To start sharing the screen, we would need to create new stream, take out its video track and extend our current stream with it. Eventually, we are going to have three tracks: audio, webcam track and screen track. Next we notify other users with event user:shared-screen so they can reset peer connection to receive additional video track.

// contexts/users-connection.tsx

socket.on('user:shared-screen', () => {
  // peer connection reset
  peer.disconnect();
  peer.reconnect();
});

To stop sharing, we would need to stop the video track and remove it.

// hooks/use-screen.ts

function stopShare(screenTrack: MediaStreamTrack) {
  screenTrack.stop();
  stream.removeTrack(screenTrack);
}

Control actions of host user

The host user has permission to mute and disconnect other users. Those actions are visible once the user hovers over the video stream.
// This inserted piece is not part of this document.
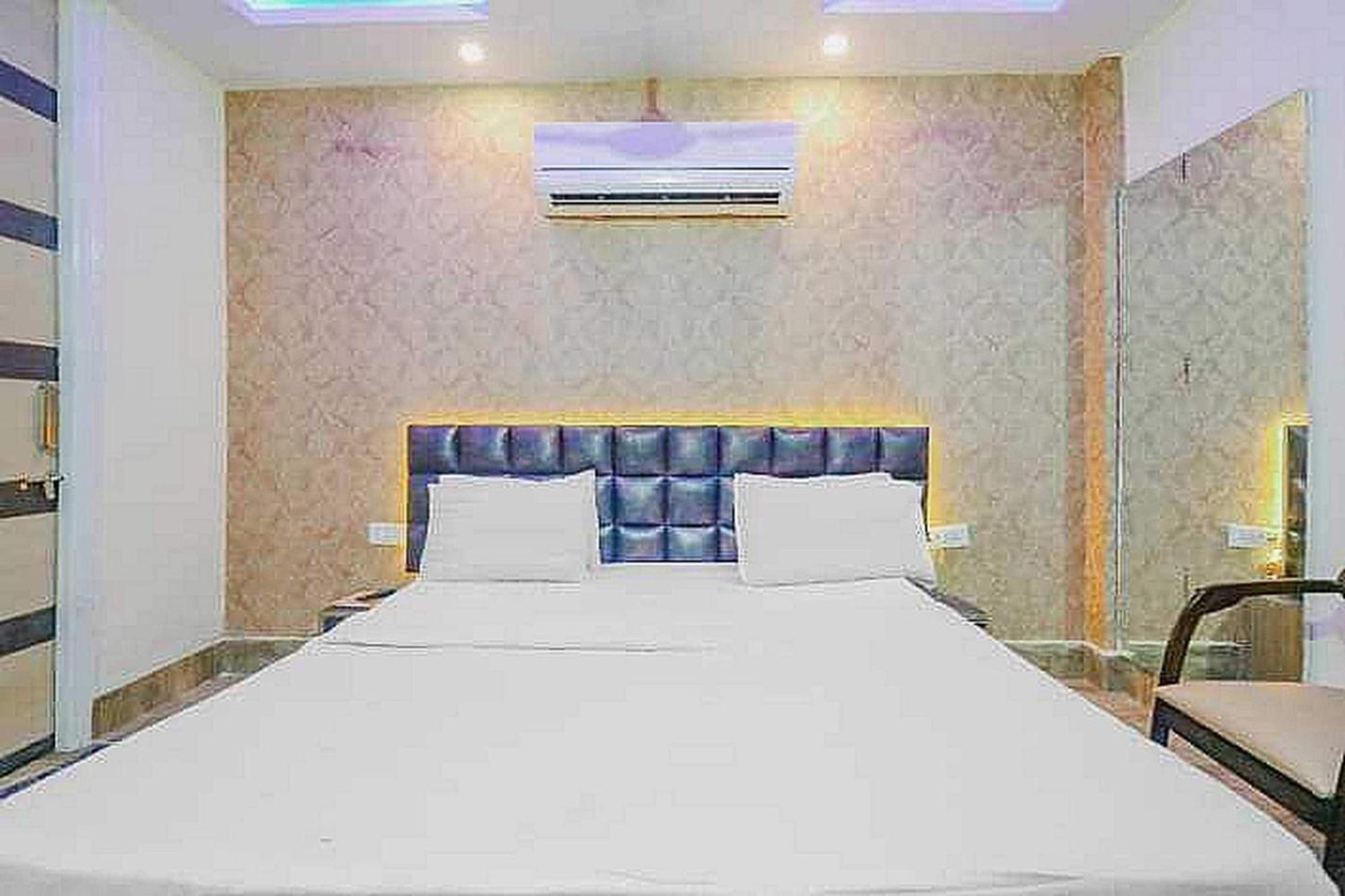 Super Hotel O Vivaan Residency Rohtak 外观 照片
// components/video-container/index.tsx
// pseudocode

// wrapper around the stream takes a responsibility to render
// corresponding component or icon depending on the state of stream
function VideoContainer({
  children,
  id,
  onMutePeer,
  onRemovePeer
}: {
  children: React.ReactNode,
  id: PeerId,
  onMutePeer: (id: PeerId) => void,
  onRemovePeer: (id: PeerId) => void
}) {
  return (
    <>
      <div>
        /* here goes video stream component */
        {children}
      </div>

      /* show host control panel if I created the room */
      {isHost && (myId !== id) && (
        <HostControlPanel
          onMutePeer={() => onMutePeer && onMutePeer(id)}
          onRemovePeer={() => onRemovePeer && onRemovePeer(id)}
          isMuted={muted}
        />
      )}
    </>
  )
}

To mute some other user is trivial, since MediaStreamTrack API handles that for us, but in order to visually represent that the host has muted someone, we are triggering socket event with payload of the muted user's id.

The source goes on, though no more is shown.